WestJet raised concerns that double recovery could occur as against WestJet, as there was a Saskatchewan class action that had not yet been certified dealing with similar subject matter (in relation to collusion and price fixing as against WestJet and Air Canada).

Given that the Saskatchewan class action had not yet proceeded to a certification hearing, the within action was more procedurally advanced and although the double recovery concerns were legitimate, the Court found that they were “highly speculative”.

Decision

The Court held that the plaintiff had satisfied the requirements for certification set out in section 4 of the Class Proceedings Act and certified the matter as a class proceeding. Certification would advance the goals of class proceedings, being judicial economy, behavior modification, and access to justice.

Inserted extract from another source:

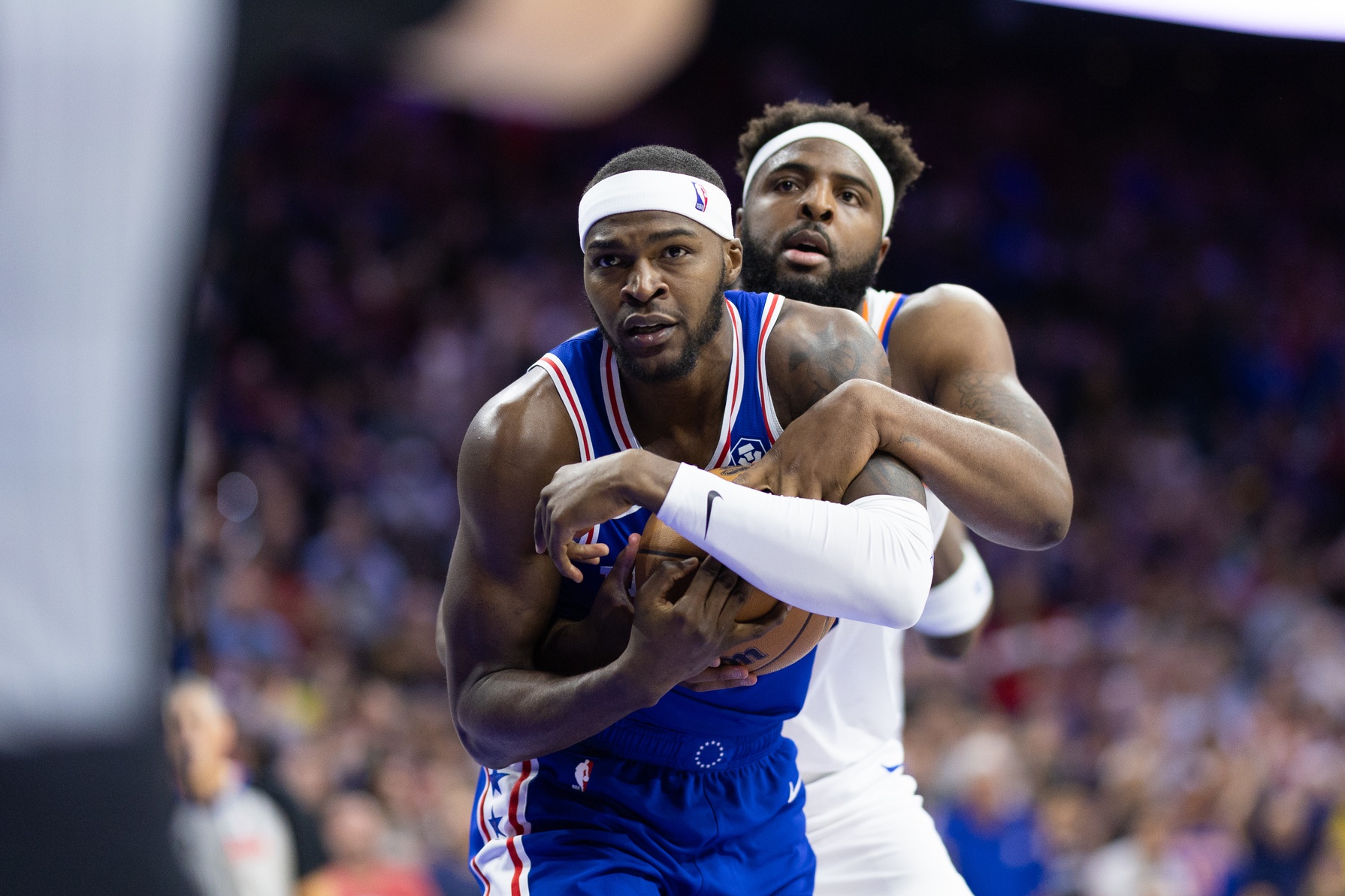 New York Knicks center Mitchell Robinson and Detroit Pistons center Paul Reed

Leave was granted to the plaintiff to amend the notice of civil claim in respect of the Competition Act Claims.

Takeways

Bergen provides important judicial commentary on certification of breach of contract claims involving contracts of adhesion.

Importantly, the Court rejected WestJet’s arguments that contracts between the passengers could differ depending on a particular passenger’s experience with the booking process. In doing so, it followed the decision of Corless from the Ontario Superior Court of Justice, recognizing that the interpretation of any widely used consumer contract in a prospective class action would be open to the same concern, which would defeat the purpose of the Class Proceedings Act.

Once again the court has shown that it will lean in favour of certification, absent compelling reasons to decline to do so.

[1] Bergen v WestJet Airlines Ltd, 2021 BCSC 12 (“Bergen”)

by Joan M. Young and Carina Chiu

A Cautionary Note

The foregoing provides only an overview and does not constitute legal advice. Readers are cautioned against making any decisions based on this material alone. Rather, specific legal advice should be obtained.